AP: Rural Florida Panhandle avoids recession’s worst
PENSACOLA (AP) – Despite the economy, James Sellers’ industrial parts plant in the rural Florida Panhandle is doing well. He has 16 full-time employees, orders are up and the future looks reasonably good.
Sellers’ AUS Manufacturing in tiny Bonifay is a success story not often heard in a state that is a center for the recession that started with the real estate crisis. But it turns out that many areas in the slow-paced northern parts of Florida, polar opposites of boom-and-bust cities like Miami, are escaping the worst.
An Associated Press analysis shows that rural Panhandle counties with stable populations, dependable government jobs and no coast to overbuild condos on are doing better than places in the rest of the state.
The AP Economic Stress Index combines three indicators – unemployment, foreclosures and bankruptcies – to gauge how the recession has affected more than 3,000 counties in the United States.
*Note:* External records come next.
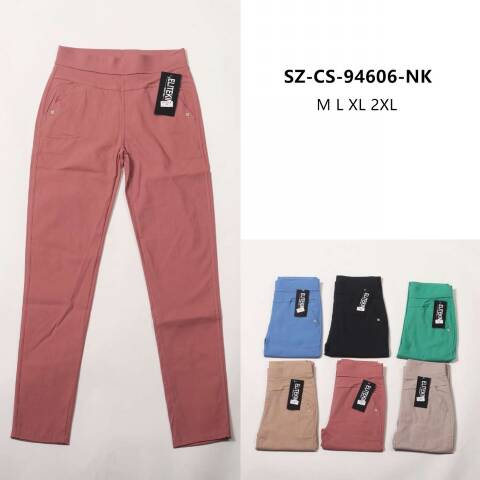 Spodnie damskie 94606 Mix kolor M-2XL 1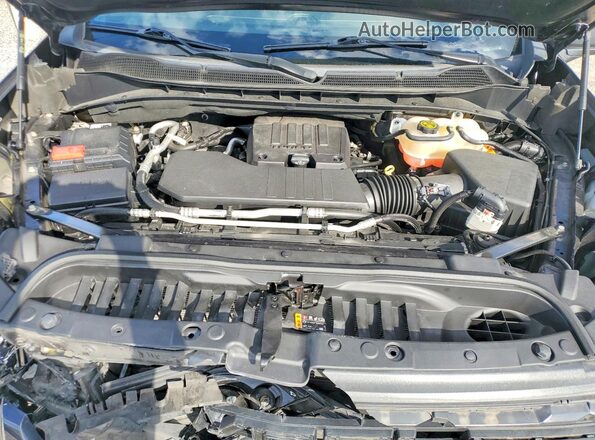 3GCPDCEK8NG577277 2022 CHEVROLET SILVERADO Black Widok wnętrza z tyłu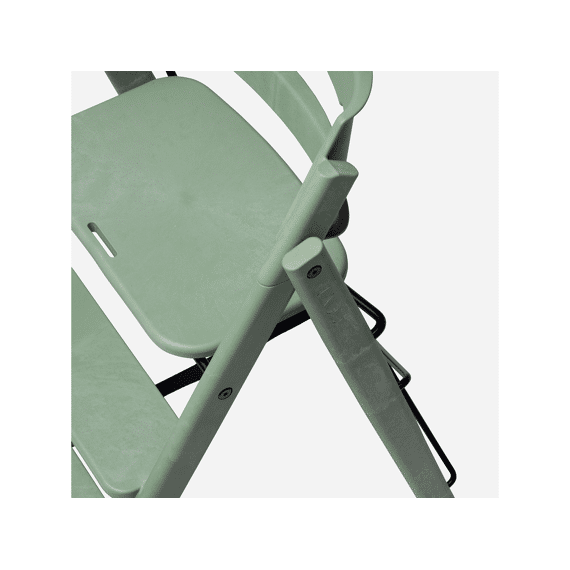 Kaos Klapp Veiligheidsbeugel & Eetblad Bundle Gerecycled Kunststof Mineral Green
The higher the index’s number for a county, the worse the recession’s impact.
The average stress score for the six counties in the rural, northern Panhandle – Calhoun, Gadsden, Holmes, Jackson, Liberty and Washington – was 8.6 in April, compared to a statewide average of 11.56 and a national average of 9.7. Liberty County came in at 5.35 – the lowest in the state.
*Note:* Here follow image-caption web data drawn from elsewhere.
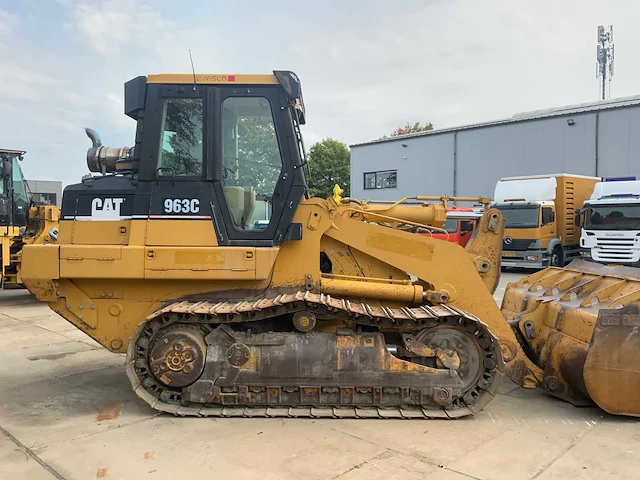 2003 caterpillar 963c rupslader - afbeelding 9 van  35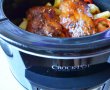Piept de pui cu legume la slow cooker Crock-Pot-8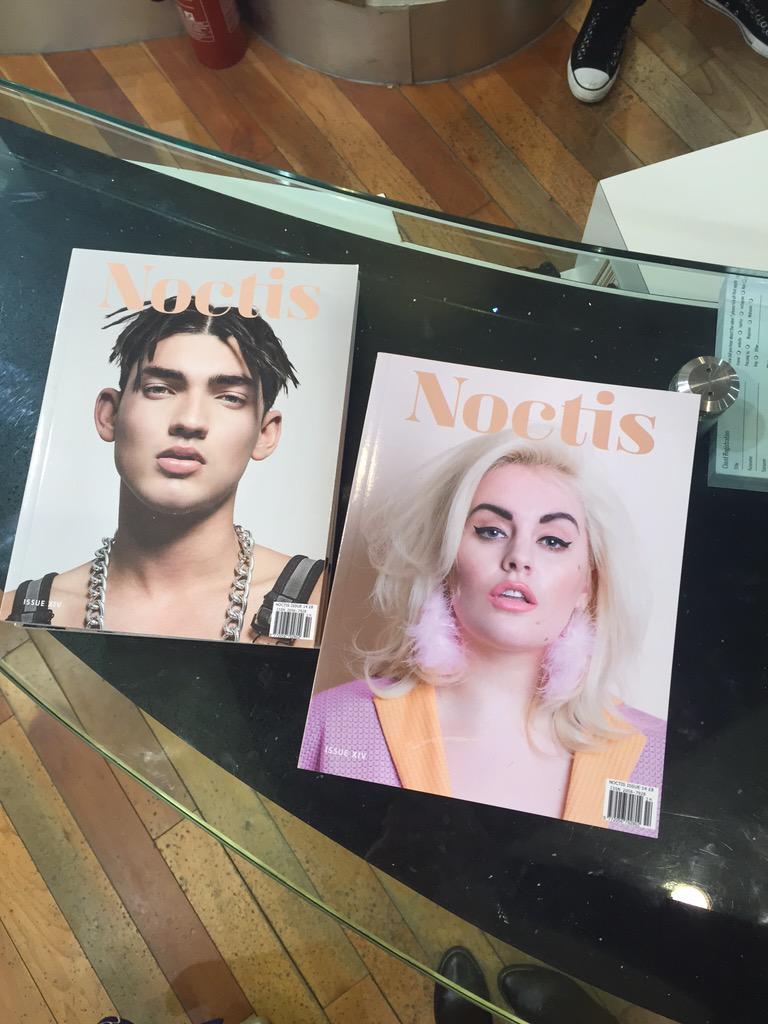 ange_lowery's tweet photo. @Y_salon are now stocking @NoctisMag brilliant #noneedtogotolondon http://t.co/TuusSb0jz3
Despite the lower stress scores now, the region’s economy has lagged other parts of the state for decades. These counties have among the lowest per capita income in Florida. The per capita income in Liberty County is $22,831 compared to state per capita income of $39,070 in 2008, according to the Bureau of Economic Analysis.
Rick Harper, director of the University of West Florida’s Haas Center for Business Research, said the rural Panhandle counties scored so much lower than the rest of Florida largely because of the real estate market.
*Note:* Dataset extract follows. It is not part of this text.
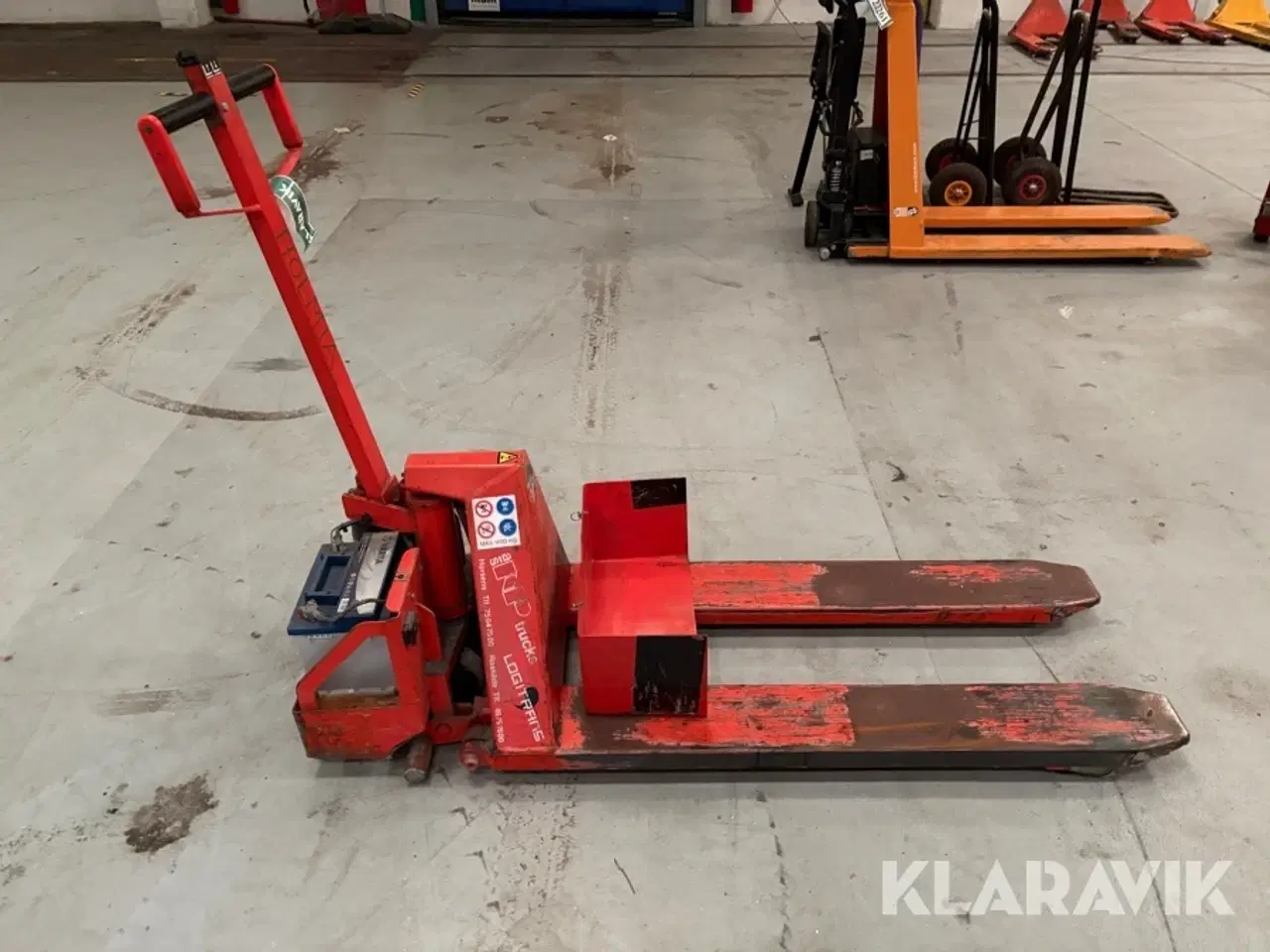 Billede 6 - Elektrisk palleløfter NP trucks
“Those counties did not participate in the housing boom. There wasn’t someone buying a home in Holmes or Liberty county for $200,000 in 2002 and selling it for $300,000 in 2006. There is not a second-home market up there and you didn’t see a lot of real estate speculation,” he said.
As Florida’s population and real estate market soared earlier this decade, the economy of the rural northern Panhandle counties remained mostly flat.
Sellers and his partners opened their company in a manufacturing plant vacated when a textile factory where his mother had worked for 30 years closed in the early 1990s and laid off several hundred workers.
“The job picture here has been going down since the 1980s because of the machining competition overseas in the textile industry,” he said.
“People are still in trouble, they are cutting their spending and worried about their businesses,” he added.
Lifelong Liberty County resident and county economic development director Johnny Eubanks, 76, said the county’s low stress scores also has do with the region’s conservative values of spending less and remaining close to home.
“Our economy has been more of a level playing field all the way through the last few decades. We have a rural lifestyle here and people here tend to associate more with Georgia and Alabama,” he said.
Many residents in the county of 7,957 work in the nearby state prison and others commute to state jobs in Tallahassee. A Georgia Pacific wood processing plant is also a large employer.
Prisons are a dependable employer in Jackson County where the stress index is 7.68 and the population is 49,656, said Bill Stanton, the county’s longtime economic development director.
“We are second only to Leon County (Tallahassee) for state jobs. We have eight state correctional institutions and two federal correctional institutions. Even in a downturn, the prisons stay in business,” he said. “We are feeling the recession but we are blessed in not feeling it as much they are in coastal Florida and in the larger cities.”